Dinamómetros
Un dinamómetro es un instrumento de precisión diseñado para medir la fuerza mecánica, el par o la potencia de salida, particularmente de ejes giratorios en motores, motores u otros sistemas mecánicos. El término deriva de las palabras griegas δύναμις (dynamis), que significa “poder”, y μέτρον (metron), que significa “medida”. Estos dispositivos funcionan absorbiendo o transmitiendo energía para cuantificar métricas de rendimiento, lo que permite una evaluación precisa de la eficiencia, la durabilidad y el rendimiento en condiciones controladas.[2] Los dinamómetros son herramientas esenciales en ingeniería y pruebas científicas, uniendo el diseño teórico con la aplicación en el mundo real al proporcionar datos cuantificables sobre cómo las máquinas convierten la energía en trabajo.[3]

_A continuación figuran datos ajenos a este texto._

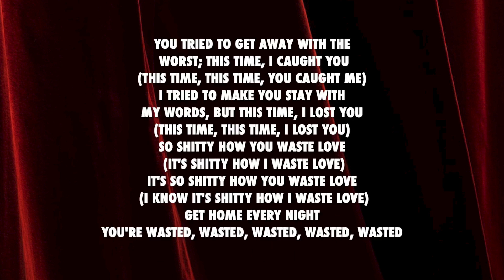Tried to get away with the worst, this time I caught you, this time you caught me. Tried to make you stay with my words but this time I lost you, this time I lost you. It's so shitty how you waste love.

La historia del dinamómetro se remonta al siglo XVIII, con inventos tempranos notables, incluido el dinamómetro Graham-Desaguliers en 1763 y el modelo portátil de Edme Régnier en 1798 para medir la fuerza de tracción de los caballos con fines de artillería. Este diseño evolucionó en el siglo XIX gracias a las contribuciones de James Watt, quien adaptó mecanismos indicadores para evaluar el rendimiento de las máquinas de vapor y establecer la unidad de caballos de fuerza como una medida estándar de potencia. En el siglo XX, los dinamómetros habían avanzado para respaldar las pruebas de motores de combustión interna y motores eléctricos, incorporando tecnologías como sistemas hidráulicos y de corrientes parásitas para un uso industrial más amplio.